= Biarticular muscle =

Muscles which cross two joints in a series

Biarticular muscles are muscles that cross two joints rather than just one, such as the hamstrings which cross both the hip and the knee. The function of these muscles is complex and often depends upon both their anatomy and the activity of other muscles at the joints in question. Their role in movement is poorly understood.

==Anatomy==
Biarticular muscles cross two joints in series, usually in a limb. The details of the origin (proximal attachment) and insertion (distal attachment) can play a large role in determining muscle function. For instance, the human gastrocnemius technically spans both the knee and ankle joints. However, the origin point of the muscle is so close to the axis of rotation of the knee joint that the muscle's effective lever arm would be very small, especially compared to its large lever arm at the ankle. As a result, even though it spans two joints, the strong bias in lever arms allows it to function primarily as an ankle plantar flexor. Other muscles, such as the hamstrings, do not display such biases, so their function is not immediately evident from anatomy alone. Another important concept of biarticular muscles (consider the rectus femoris muscle for this example) is the change in muscle length when motion at the proximal and distal ends of the muscle is happening. For example, in the propulsive phase of a jump, the thigh is extended at the coxal joint, and the shank (lower leg) is extended at the tibiofemoral joint.

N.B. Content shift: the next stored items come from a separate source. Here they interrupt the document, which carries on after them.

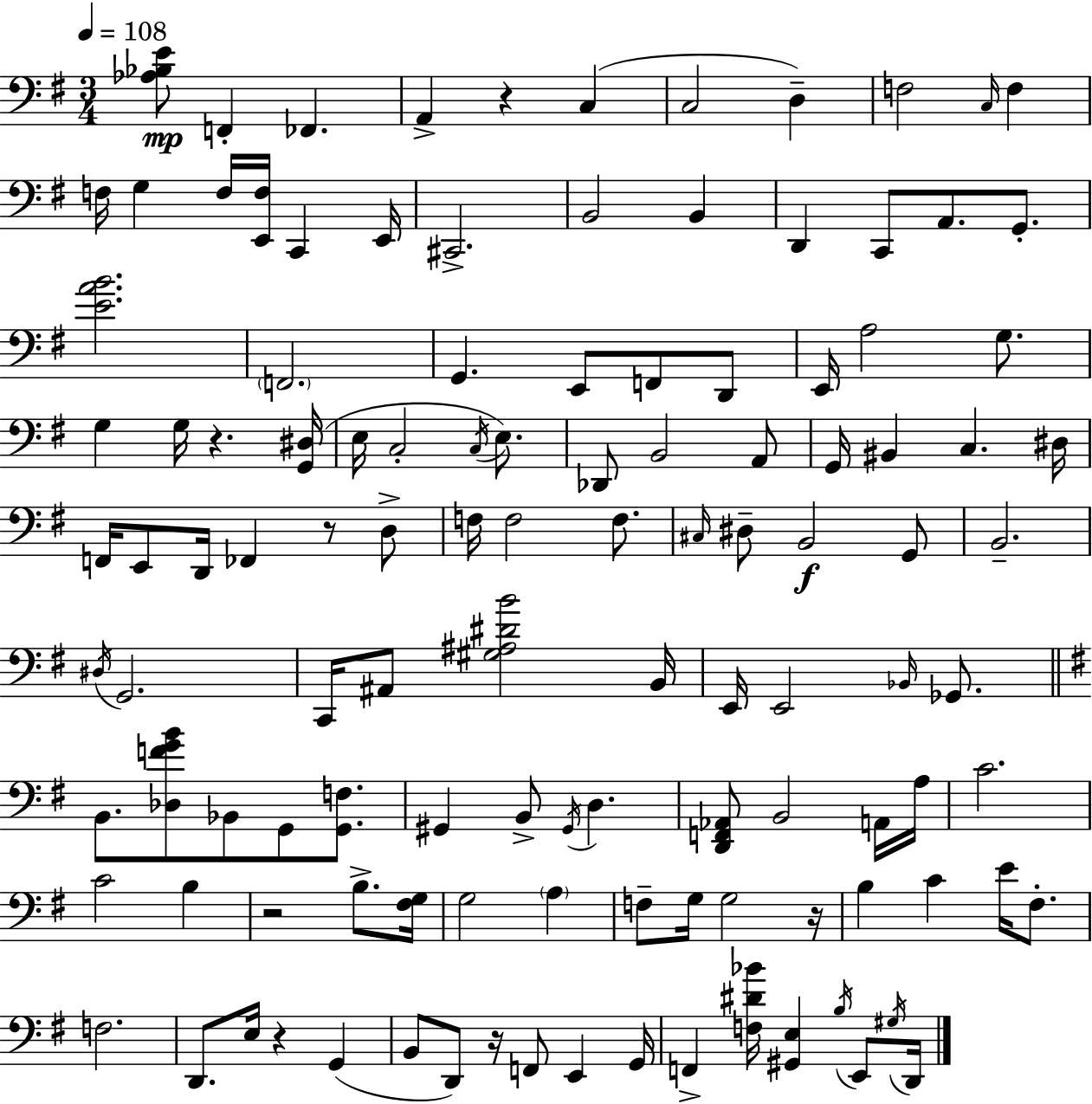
{
  \clef bass
  \numericTimeSignature
  \time 3/4
  \key e \minor
  \tempo 4 = 108
  \repeat volta 2 { <aes bes e'>8\mp f,4-. fes,4. | a,4-> r4 c4( | c2 d4--) | f2 \grace { c16 } f4 | \break f16 g4 f16 <e, f>16 c,4 | e,16 cis,2.-> | b,2 b,4 | d,4 c,8 a,8. g,8.-. | \break <e' a' b'>2. | \parenthesize f,2. | g,4. e,8 f,8 d,8 | e,16 a2 g8. | \break g4 g16 r4. | <g, dis>16( e16 c2-. \acciaccatura { c16 } e8.) | des,8 b,2 | a,8 g,16 bis,4 c4. | \break dis16 f,16 e,8 d,16 fes,4 r8 | d8-> f16 f2 f8. | \grace { cis16 } dis8-- b,2\f | g,8 b,2.-- | \break \acciaccatura { dis16 } g,2. | c,16 ais,8 <gis ais dis' b'>2 | b,16 e,16 e,2 | \grace { bes,16 } ges,8. \bar "||" \break \key e \minor b,8. <des f' g' b'>8 bes,8 g,8 <g, f>8. | gis,4 b,8-> \acciaccatura { gis,16 } d4. | <d, f, aes,>8 b,2 a,16 | a16 c'2. | \break c'2 b4 | r2 b8.-> | <fis g>16 g2 \parenthesize a4 | f8-- g16 g2 | \break r16 b4 c'4 e'16 fis8.-. | f2. | d,8. e16 r4 g,4( | b,8 d,8) r16 f,8 e,4 | \break g,16 f,4-> <f dis' bes'>16 <gis, e>4 \acciaccatura { b16 } e,8 | \acciaccatura { gis16 } d,16 } \bar "|."
}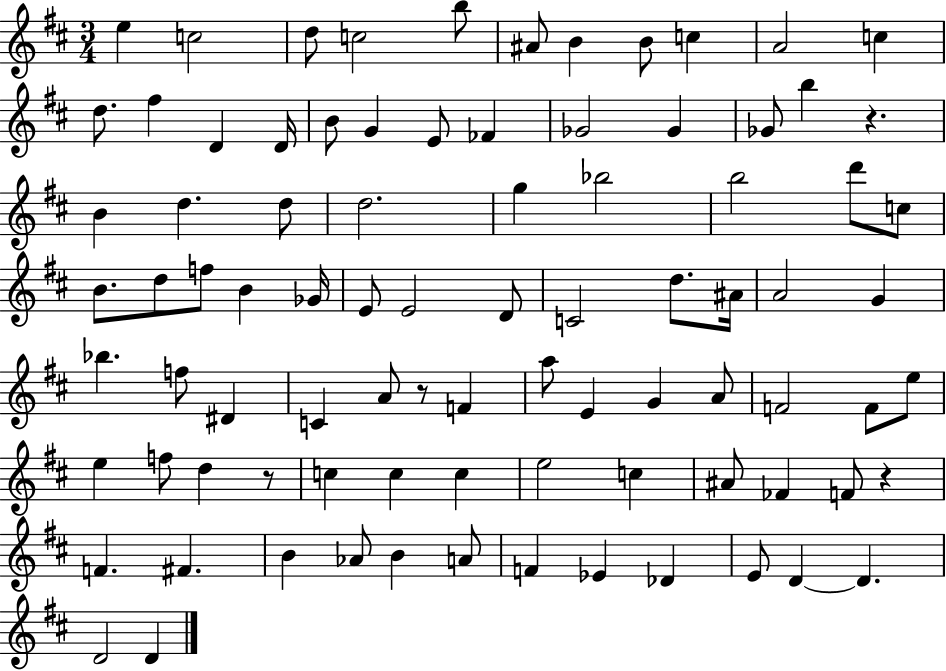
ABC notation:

X:1
T:Untitled
M:3/4
L:1/4
K:D
e c2 d/2 c2 b/2 ^A/2 B B/2 c A2 c d/2 ^f D D/4 B/2 G E/2 _F _G2 _G _G/2 b z B d d/2 d2 g _b2 b2 d'/2 c/2 B/2 d/2 f/2 B _G/4 E/2 E2 D/2 C2 d/2 ^A/4 A2 G _b f/2 ^D C A/2 z/2 F a/2 E G A/2 F2 F/2 e/2 e f/2 d z/2 c c c e2 c ^A/2 _F F/2 z F ^F B _A/2 B A/2 F _E _D E/2 D D D2 D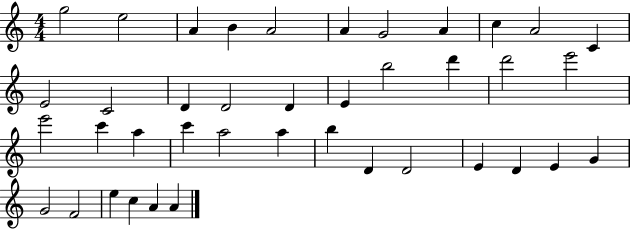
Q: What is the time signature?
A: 4/4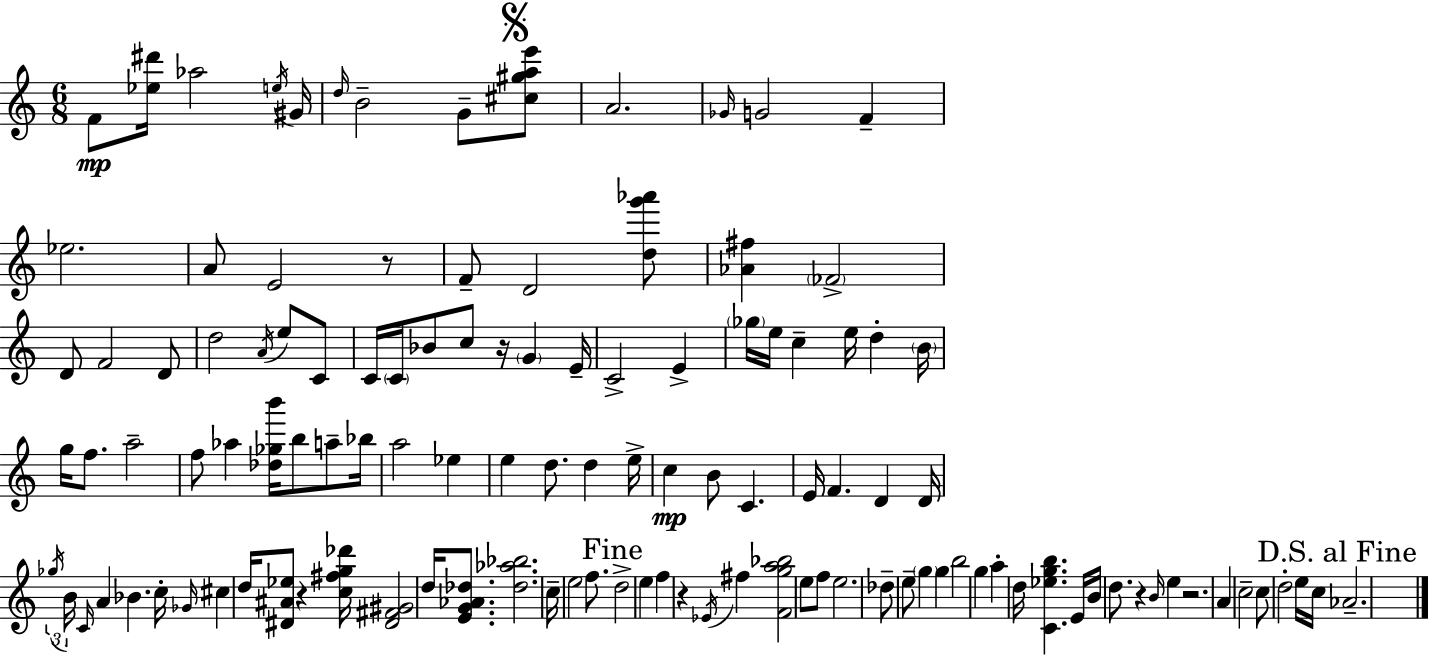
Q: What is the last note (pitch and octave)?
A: Ab4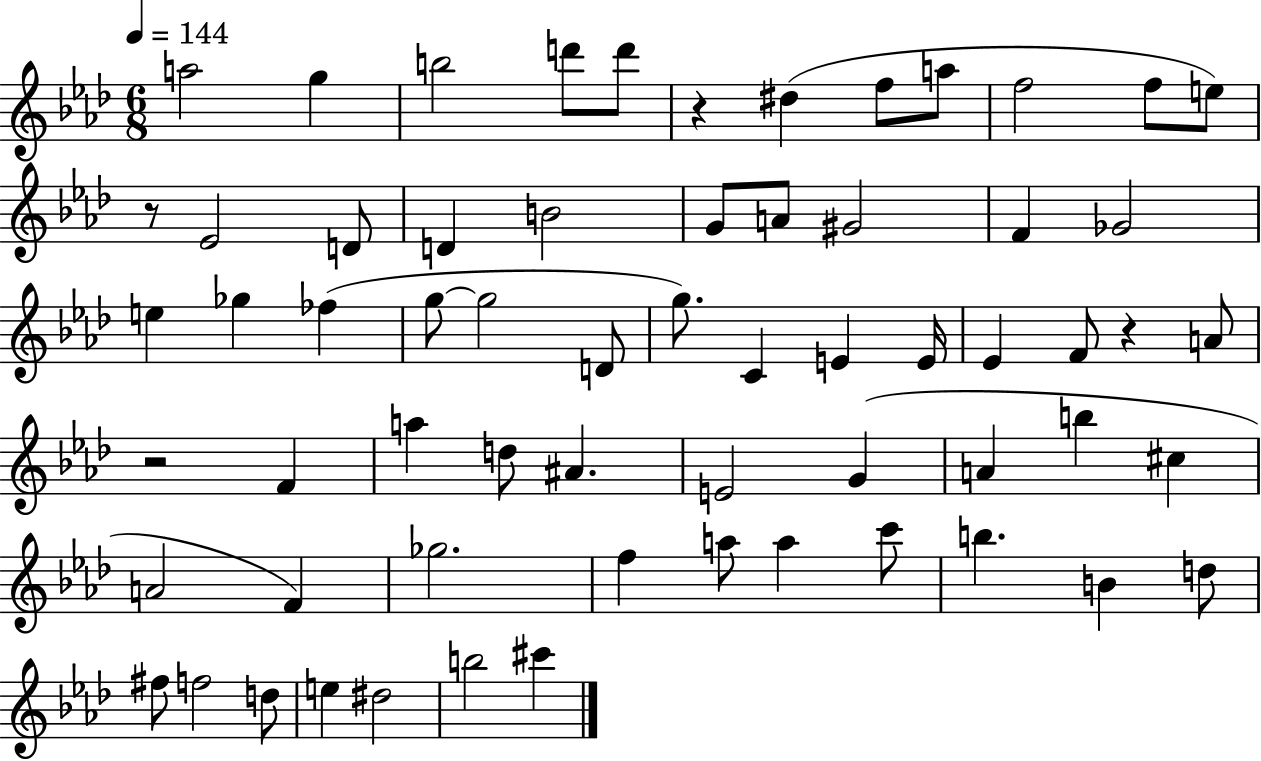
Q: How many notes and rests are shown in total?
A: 63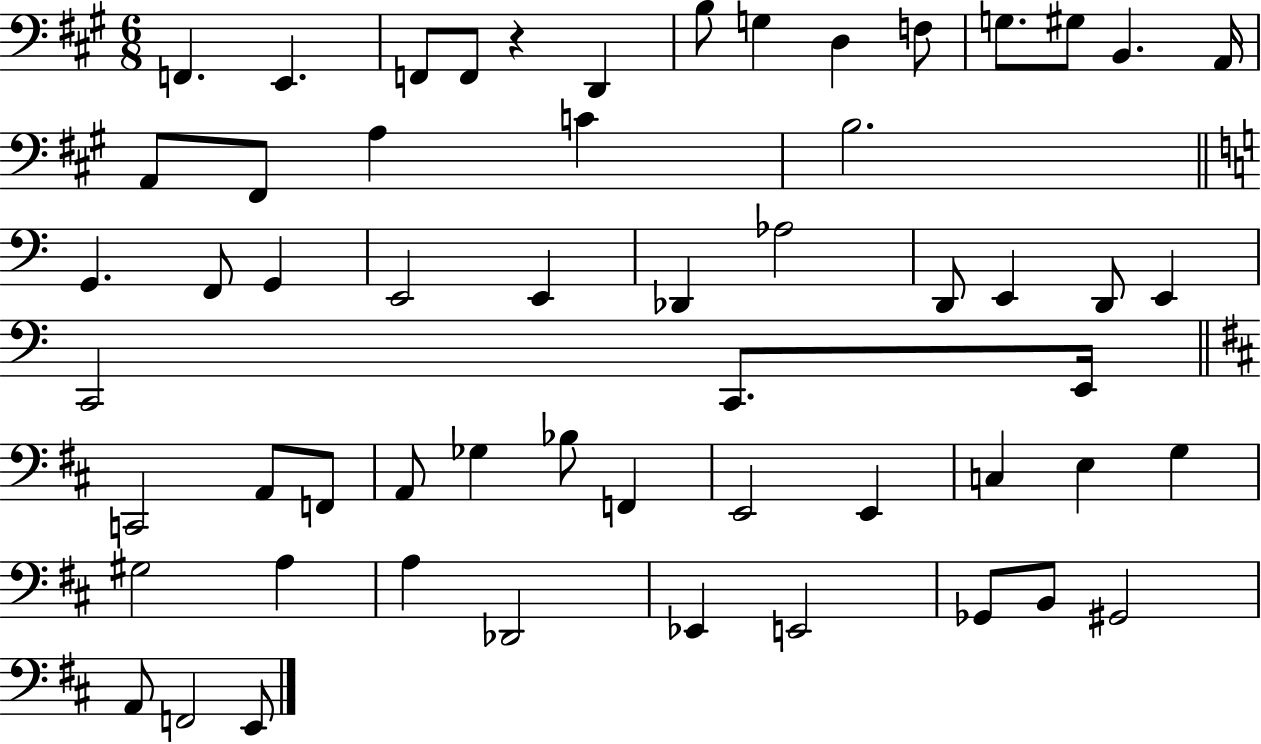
{
  \clef bass
  \numericTimeSignature
  \time 6/8
  \key a \major
  f,4. e,4. | f,8 f,8 r4 d,4 | b8 g4 d4 f8 | g8. gis8 b,4. a,16 | \break a,8 fis,8 a4 c'4 | b2. | \bar "||" \break \key a \minor g,4. f,8 g,4 | e,2 e,4 | des,4 aes2 | d,8 e,4 d,8 e,4 | \break c,2 c,8. e,16 | \bar "||" \break \key b \minor c,2 a,8 f,8 | a,8 ges4 bes8 f,4 | e,2 e,4 | c4 e4 g4 | \break gis2 a4 | a4 des,2 | ees,4 e,2 | ges,8 b,8 gis,2 | \break a,8 f,2 e,8 | \bar "|."
}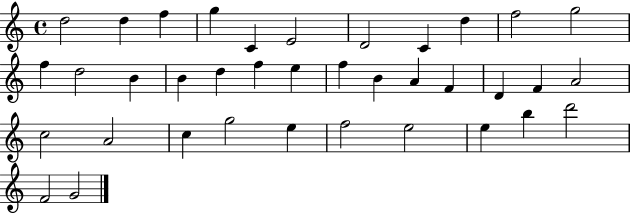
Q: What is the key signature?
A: C major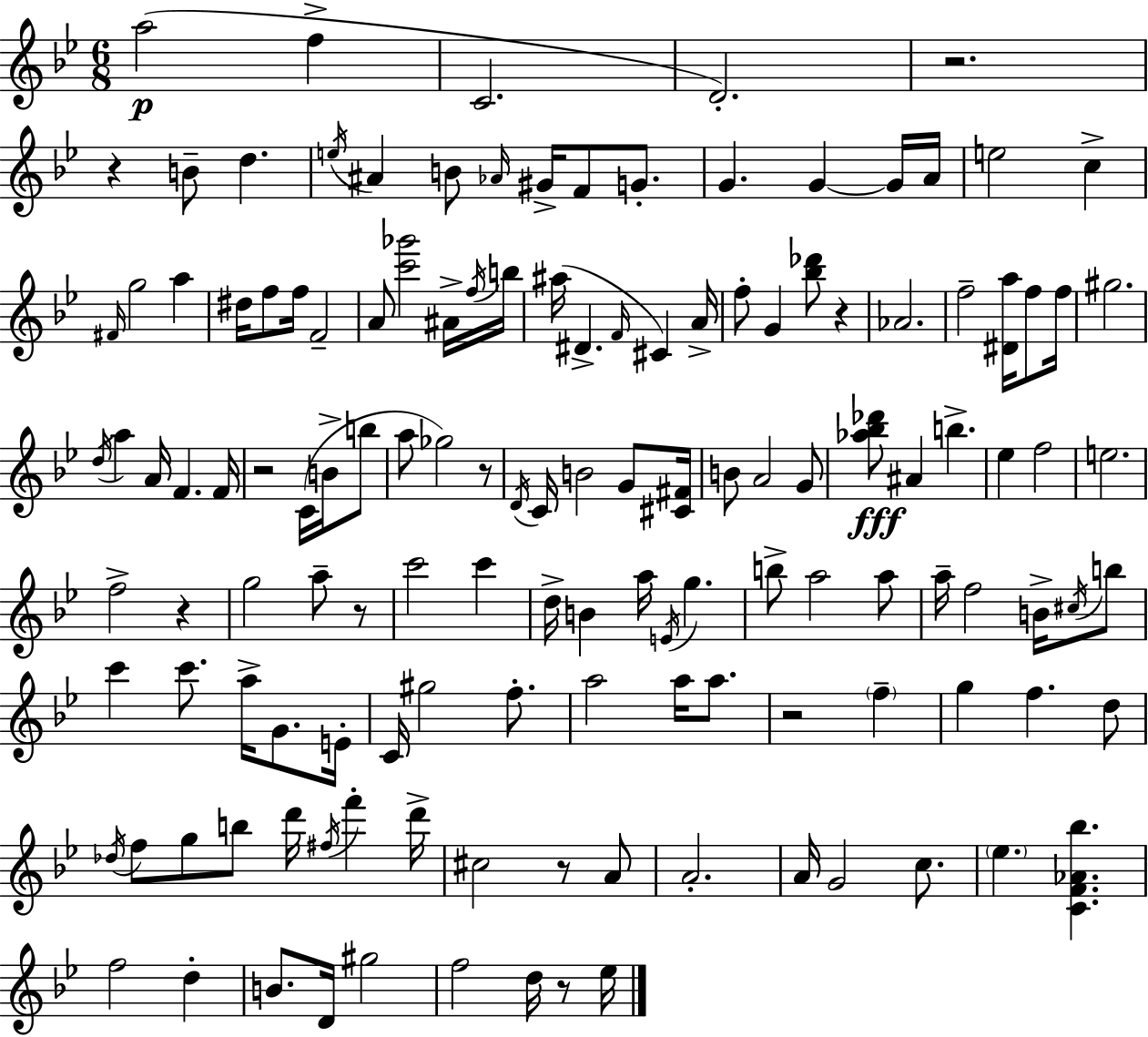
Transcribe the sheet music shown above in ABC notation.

X:1
T:Untitled
M:6/8
L:1/4
K:Bb
a2 f C2 D2 z2 z B/2 d e/4 ^A B/2 _A/4 ^G/4 F/2 G/2 G G G/4 A/4 e2 c ^F/4 g2 a ^d/4 f/2 f/4 F2 A/2 [c'_g']2 ^A/4 f/4 b/4 ^a/4 ^D F/4 ^C A/4 f/2 G [_b_d']/2 z _A2 f2 [^Da]/4 f/2 f/4 ^g2 d/4 a A/4 F F/4 z2 C/4 B/4 b/2 a/2 _g2 z/2 D/4 C/4 B2 G/2 [^C^F]/4 B/2 A2 G/2 [_a_b_d']/2 ^A b _e f2 e2 f2 z g2 a/2 z/2 c'2 c' d/4 B a/4 E/4 g b/2 a2 a/2 a/4 f2 B/4 ^c/4 b/2 c' c'/2 a/4 G/2 E/4 C/4 ^g2 f/2 a2 a/4 a/2 z2 f g f d/2 _d/4 f/2 g/2 b/2 d'/4 ^f/4 f' d'/4 ^c2 z/2 A/2 A2 A/4 G2 c/2 _e [CF_A_b] f2 d B/2 D/4 ^g2 f2 d/4 z/2 _e/4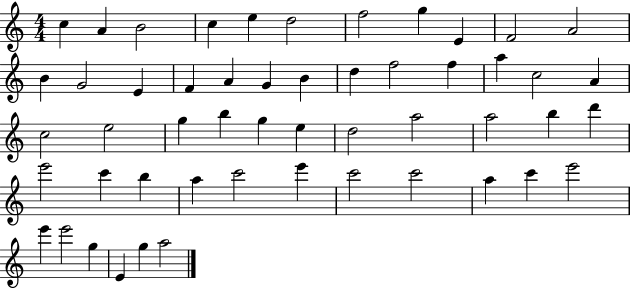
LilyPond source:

{
  \clef treble
  \numericTimeSignature
  \time 4/4
  \key c \major
  c''4 a'4 b'2 | c''4 e''4 d''2 | f''2 g''4 e'4 | f'2 a'2 | \break b'4 g'2 e'4 | f'4 a'4 g'4 b'4 | d''4 f''2 f''4 | a''4 c''2 a'4 | \break c''2 e''2 | g''4 b''4 g''4 e''4 | d''2 a''2 | a''2 b''4 d'''4 | \break e'''2 c'''4 b''4 | a''4 c'''2 e'''4 | c'''2 c'''2 | a''4 c'''4 e'''2 | \break e'''4 e'''2 g''4 | e'4 g''4 a''2 | \bar "|."
}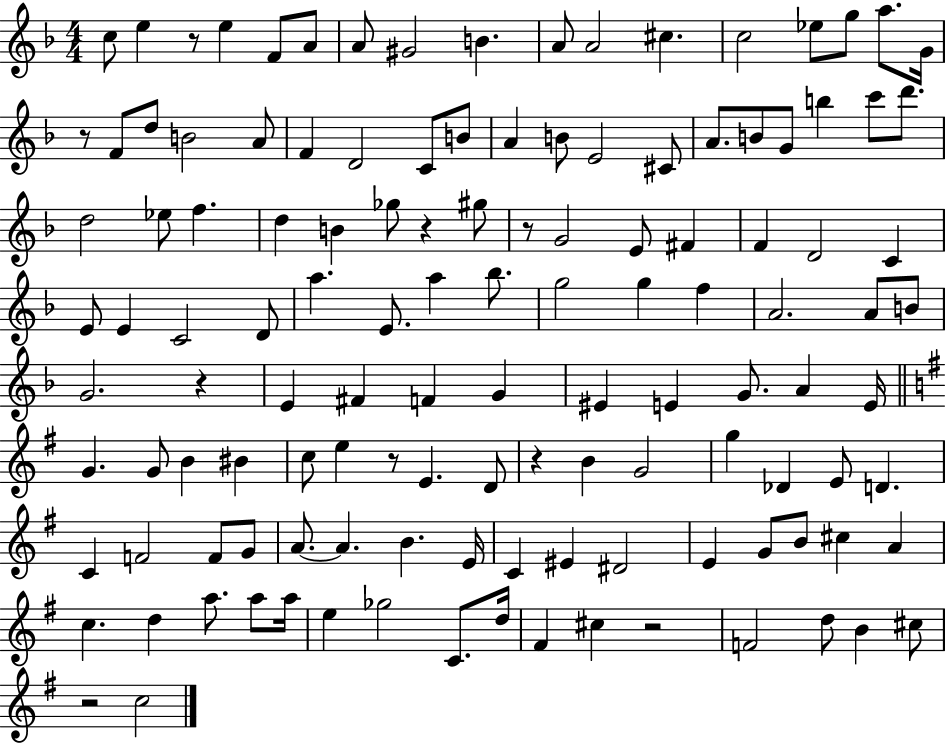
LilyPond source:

{
  \clef treble
  \numericTimeSignature
  \time 4/4
  \key f \major
  \repeat volta 2 { c''8 e''4 r8 e''4 f'8 a'8 | a'8 gis'2 b'4. | a'8 a'2 cis''4. | c''2 ees''8 g''8 a''8. g'16 | \break r8 f'8 d''8 b'2 a'8 | f'4 d'2 c'8 b'8 | a'4 b'8 e'2 cis'8 | a'8. b'8 g'8 b''4 c'''8 d'''8. | \break d''2 ees''8 f''4. | d''4 b'4 ges''8 r4 gis''8 | r8 g'2 e'8 fis'4 | f'4 d'2 c'4 | \break e'8 e'4 c'2 d'8 | a''4. e'8. a''4 bes''8. | g''2 g''4 f''4 | a'2. a'8 b'8 | \break g'2. r4 | e'4 fis'4 f'4 g'4 | eis'4 e'4 g'8. a'4 e'16 | \bar "||" \break \key g \major g'4. g'8 b'4 bis'4 | c''8 e''4 r8 e'4. d'8 | r4 b'4 g'2 | g''4 des'4 e'8 d'4. | \break c'4 f'2 f'8 g'8 | a'8.~~ a'4. b'4. e'16 | c'4 eis'4 dis'2 | e'4 g'8 b'8 cis''4 a'4 | \break c''4. d''4 a''8. a''8 a''16 | e''4 ges''2 c'8. d''16 | fis'4 cis''4 r2 | f'2 d''8 b'4 cis''8 | \break r2 c''2 | } \bar "|."
}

These joint positions cause the rectus femoris muscle to remain unchanged in net length, because the proximal (Eccentric action) and distal (concentric action) attachments are contradicting one another.

==Function==
Biarticular muscles can fulfill a range of functions during movement. By contracting isometrically (without changing length), they put the joint into a four-bar linkage, allowing the contraction of muscles at one joint to move the other by a fixed amount. Unlike four-bar linkages in which all elements are bone and angle relationships are fixed by the relative bone lengths, the biarticular muscle can hold the joint at many different lengths, creating a range of four-bar properties as needed.

Biarticular muscles can also transfer mechanical power between distal and proximal joints, though the direction and magnitude of this transfer varies with anatomy, muscle activity level, and joint angles. This is a crucial consideration when analyzing an organism's movement using inverse dynamics.